Creo que lo que me da la seguridad de no estar muerto es el eco de una esperanza. He sabido que cuando a alguien le amputan una mano conserva la facultad de sentir dolor o escozor en ella, como si la mano estuviera allí. De esta misma forma, seguramente, es que mantengo una sombra de esperanza, la de que aquellos que me buscan terminarán por encontrarme en la oscuridad.
De vez en cuando, fantasmas de sonidos atraviesan las tinieblas y pasan a mi lado. "Escucho", porque en realidad los sonidos pasan por mi lado sin fijarse en mi mente, palabras pronunciadas en alta voz, como si se tratara de discursos.

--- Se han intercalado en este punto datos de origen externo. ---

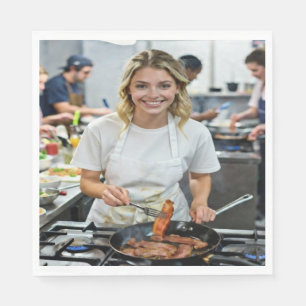 Cooking Bacon Photo Customize Napkin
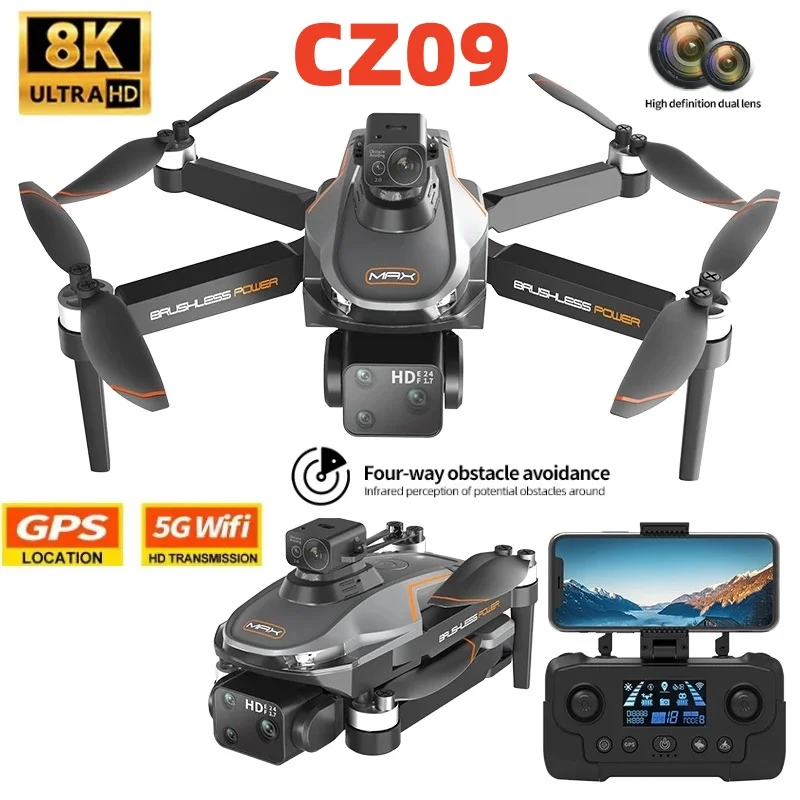 Mini CZ09 Max Drone 8K Professional HD Camera Quadcopter 20 km GPS WIFI FPV RC Helicopter  4K Obstacle Avoidance Aerial Aircraft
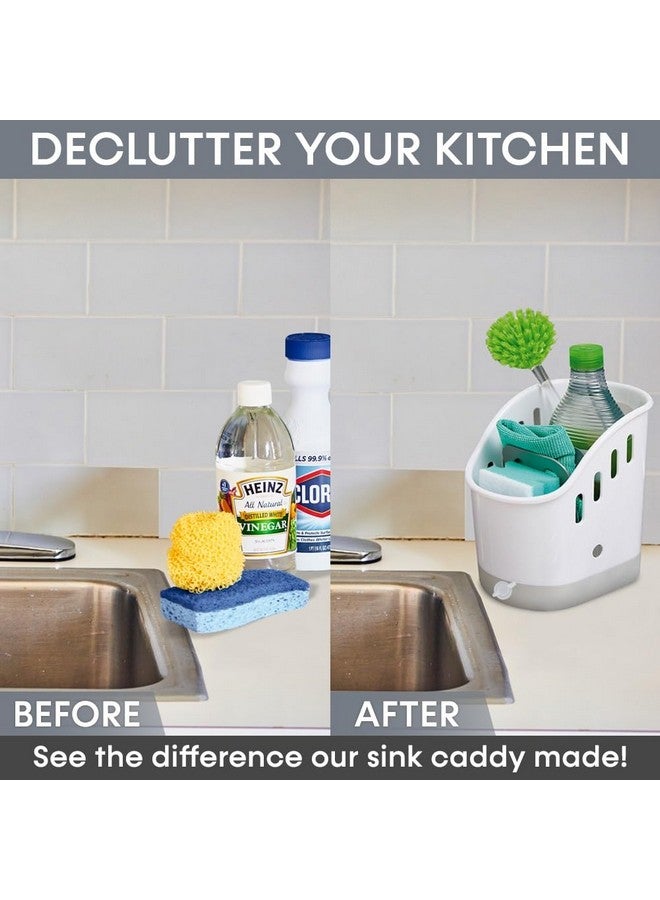 JUYOU Sink Caddy Sponge Holder, Dish Soap Organizer for Kitchen Sink with Removable Compartment and Non-Slip Base for Brushes Scrubber Drainers, Drain Holes for Sanitary Drying Premium ABS - Image 4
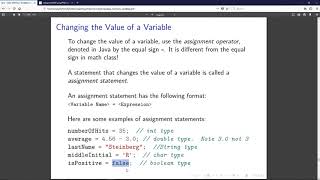 Variable Declaration and Initialization, Assignment Statements, Printing Variables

Y me parece que se dirigen a ese ser que yo fui, aunque no podría decir en qué me fundamento para albergar esa creencia.
Tengo que confesar, sin embargo, que me estremezco como si estuviera a punto de recuperar la debilidad de mi carne y de mis huesos cuando percibo un rumor sobre mi cabeza, una ola lejana que crece hasta convertirse en una marejada. Si estuviera muerto, diría que decenas, centenares, miles, millones de pies descalzos están pasando sobre mi tumba. Ni siquiera novecientos cañones pueden pesar tanto como esta tropa hambrienta y desamparada. Casi quisiera estar muerto para que con el roce de sus pies horadaran la tierra y abrieran una hendidura por donde entrara el sol.
Pero no estoy muerto, y estas imágenes que flotan a mi alrededor son los fantasmas del pasado, empujándome hacia un mundo tan desconocido como anhelado para mí. No sé hacia dónde voy, pero solo se trata de volver atrás, de borrar los bordes del agujero que me perfora el pecho, de abrirme paso en las tinieblas y salir a flote, hacia la orilla lejana de los que me están buscando, de volver a ser yo mismo, solo un hombre

¿o un hombre solo?

Mientras llega ese momento, sigo recorriendo estas palabras, vacías, estériles, incapaces para hacerme vivir, pero suficientes para no dejarme morir en las tinieblas.



 María Eugenia Ramos
 de Una cierta nostalgia (2000, primera edición). 


(*) Este relato obtuvo el primer premio de cuento en el certamen literario "Bicentenario de Francisco Morazán" 
de la Universidad Nacional Autónoma de Honduras, 1993.